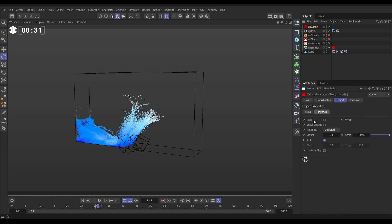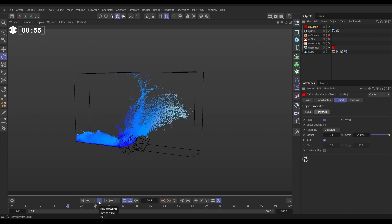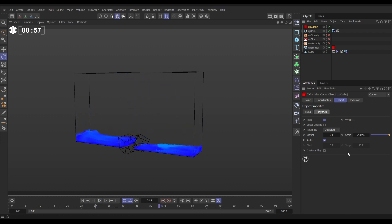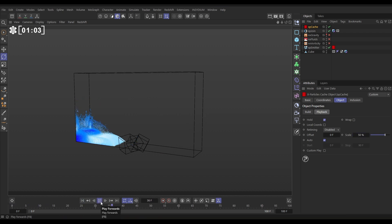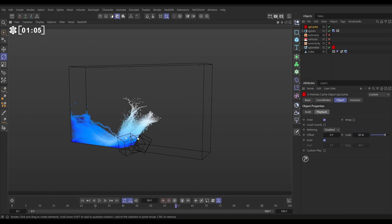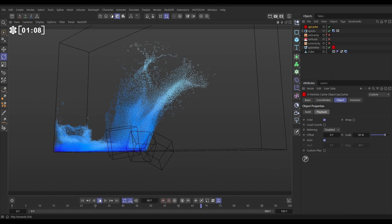First, click on Hold — that means if we run out of cached frames it won't try to simulate in real time; it'll just hold the last available cached frames. That's quite an important setting to check. We can look at our Scale: if we put it on 200% it'll play back the cache at double speed, so we've got really fast playback. If we put it on 50% scale it'll play back at half speed, and we're going to get really nice smooth particle playback.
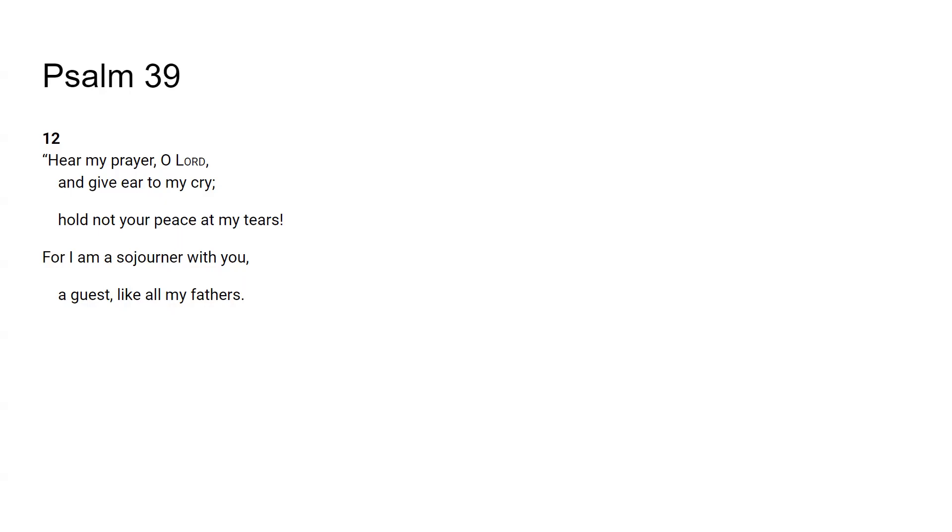I believe you died on the cross and I believe you rose again on the third day so that I could be saved. Thank you Father God for doing this for me, in Jesus name I pray, amen.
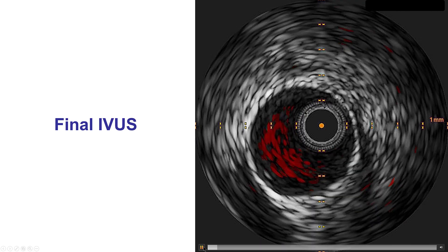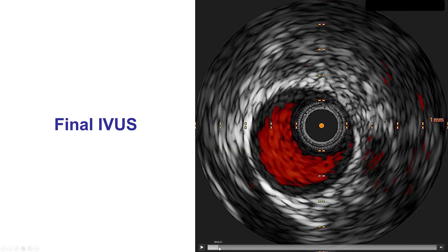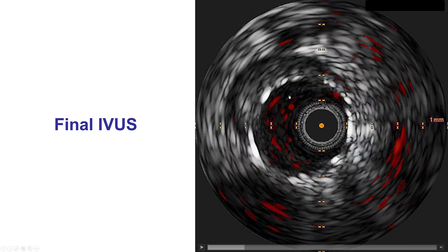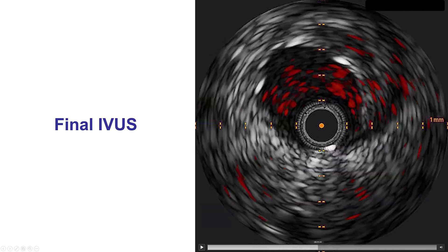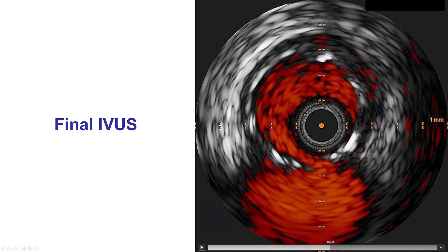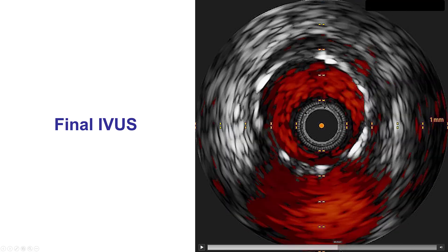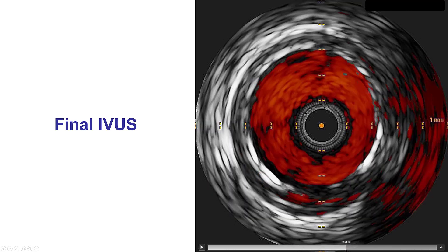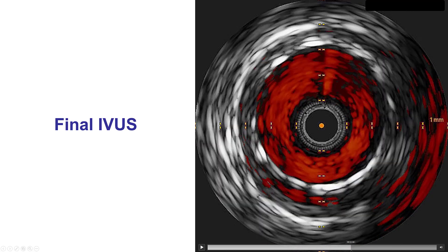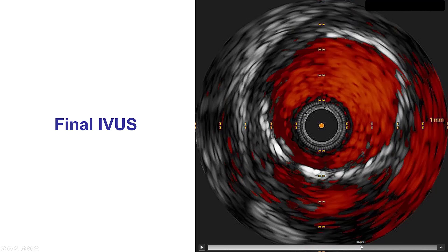This is the final intravascular ultrasound. The stent in the LAD is well expanded as expected because of the soft plaque, and there is good apposition of the stent with the wall. As we come further back towards the takeoff of the circumflex, the left main again is well covered by stent.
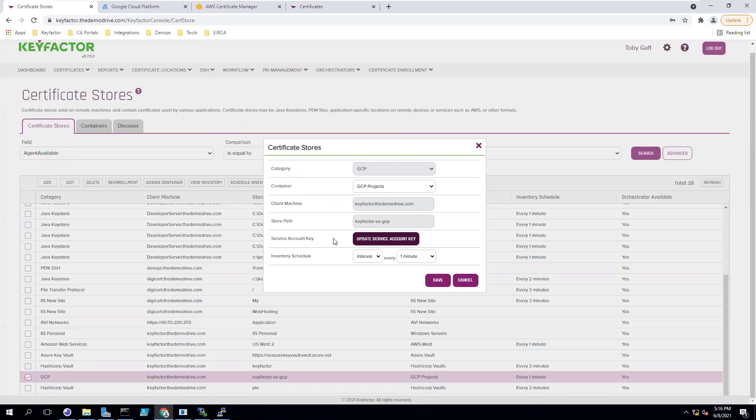You will also need to set up an inventory schedule for that location. For my environment, I have it set to one minute so that it will run quickly for this demo, but in your environment you can choose whatever time makes sense for you.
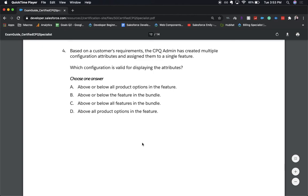The correct answer is A. I hope this really helped you guys if you are studying for the CPQ admin exam. Be sure to like the video and subscribe — it really helps to make more helpful videos like this. Drop any questions you have below about CPQ or Salesforce and I'll be happy to help. Catch you in the next one.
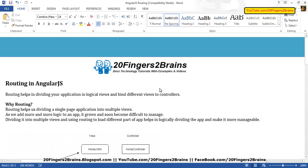Hello friends. In this video we are going to see routing in AngularJS. We are going to cover what is routing in AngularJS, how routing works, what are its components, what are the key features and things to remember while implementing routing, and a practical demo in which we are going to implement routing for a simple application. Now let's start.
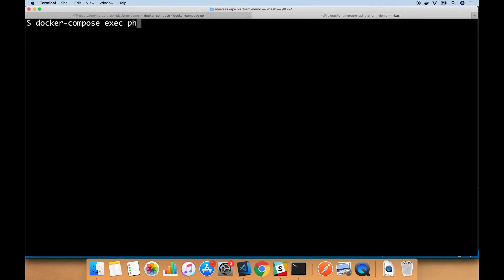To connect our API platform project to our Mercure Hub, we're going to need to first upgrade the API platform core version to the master branch, and we'll have to install the Mercure Symfony bundle. So first I'm going to shell into my composer container.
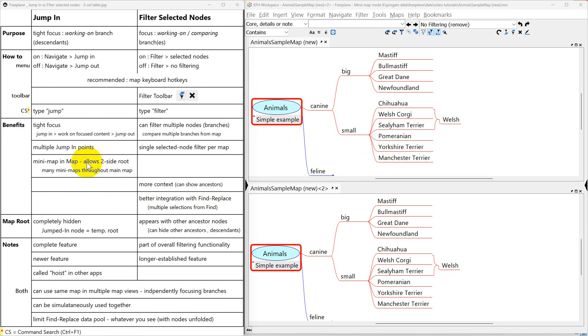Hi, this is a video about Freeplane. I think it's the best free mind mapping application out there.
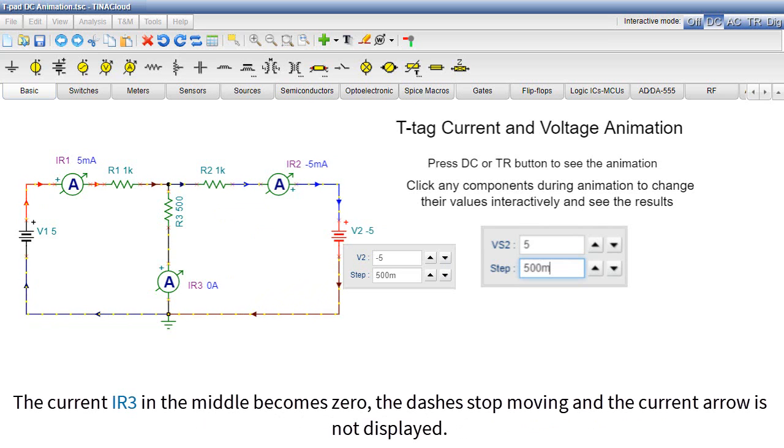The current IR3 in the middle becomes zero, the dashes stop moving, and the current arrow is not displayed.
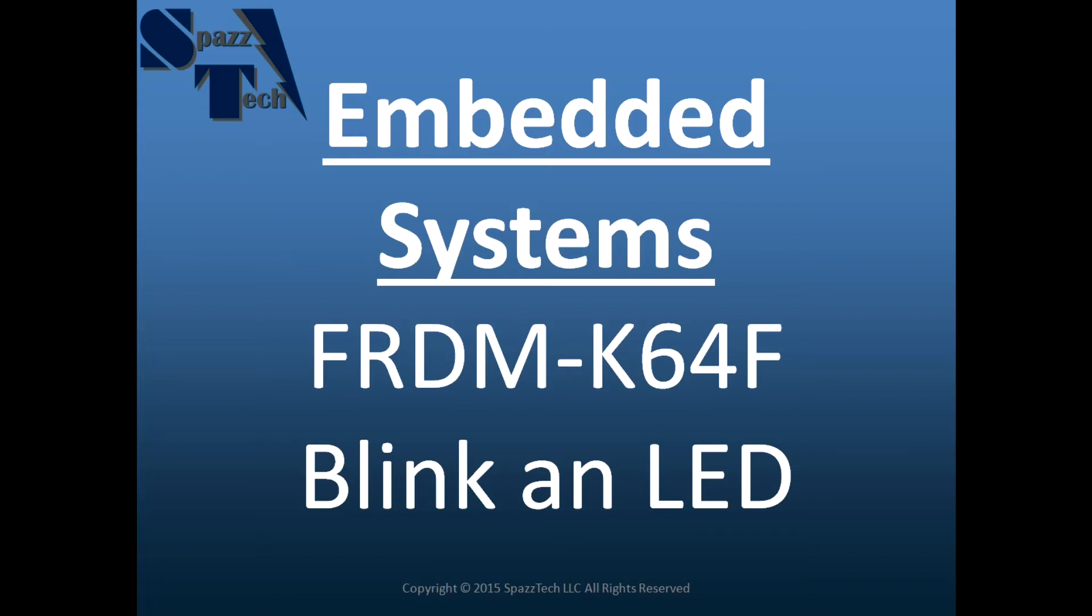Hello everyone. In this video we're going to get started with the Kinetis Design Studio and show you how easy it is to create simple applications with the Freedom Platform and Kinetis Design Studio. To get started, we're going to blink an LED.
____
§ **WHAT YOU WILL DO**: Without the pictures, transcribe the listing exactly as it stands.

§ **RESPONSE AREA**:
First, click on Hold — that means if we run out of cached frames it won't try to simulate in real time; it'll just hold the last available cached frames. That's quite an important setting to check. We can look at our Scale: if we put it on 200% it'll play back the cache at double speed, so we've got really fast playback. If we put it on 50% scale it'll play back at half speed, and we're going to get really nice smooth particle playback.
I believe you died on the cross and I believe you rose again on the third day so that I could be saved. Thank you Father God for doing this for me, in Jesus name I pray, amen.
This is the final intravascular ultrasound. The stent in the LAD is well expanded as expected because of the soft plaque, and there is good apposition of the stent with the wall. As we come further back towards the takeoff of the circumflex, the left main again is well covered by stent.
You will also need to set up an inventory schedule for that location. For my environment, I have it set to one minute so that it will run quickly for this demo, but in your environment you can choose whatever time makes sense for you.
The correct answer is A. I hope this really helped you guys if you are studying for the CPQ admin exam. Be sure to like the video and subscribe — it really helps to make more helpful videos like this. Drop any questions you have below about CPQ or Salesforce and I'll be happy to help. Catch you in the next one.
Hello friends. In this video we are going to see routing in AngularJS. We are going to cover what is routing in AngularJS, how routing works, what are its components, what are the key features and things to remember while implementing routing, and a practical demo in which we are going to implement routing for a simple application. Now let's start.
To connect our API platform project to our Mercure Hub, we're going to need to first upgrade the API platform core version to the master branch, and we'll have to install the Mercure Symfony bundle. So first I'm going to shell into my composer container.
Hi, this is a video about Freeplane. I think it's the best free mind mapping application out there.
The current IR3 in the middle becomes zero, the dashes stop moving, and the current arrow is not displayed.
Hello everyone. In this video we're going to get started with the Kinetis Design Studio and show you how easy it is to create simple applications with the Freedom Platform and Kinetis Design Studio. To get started, we're going to blink an LED.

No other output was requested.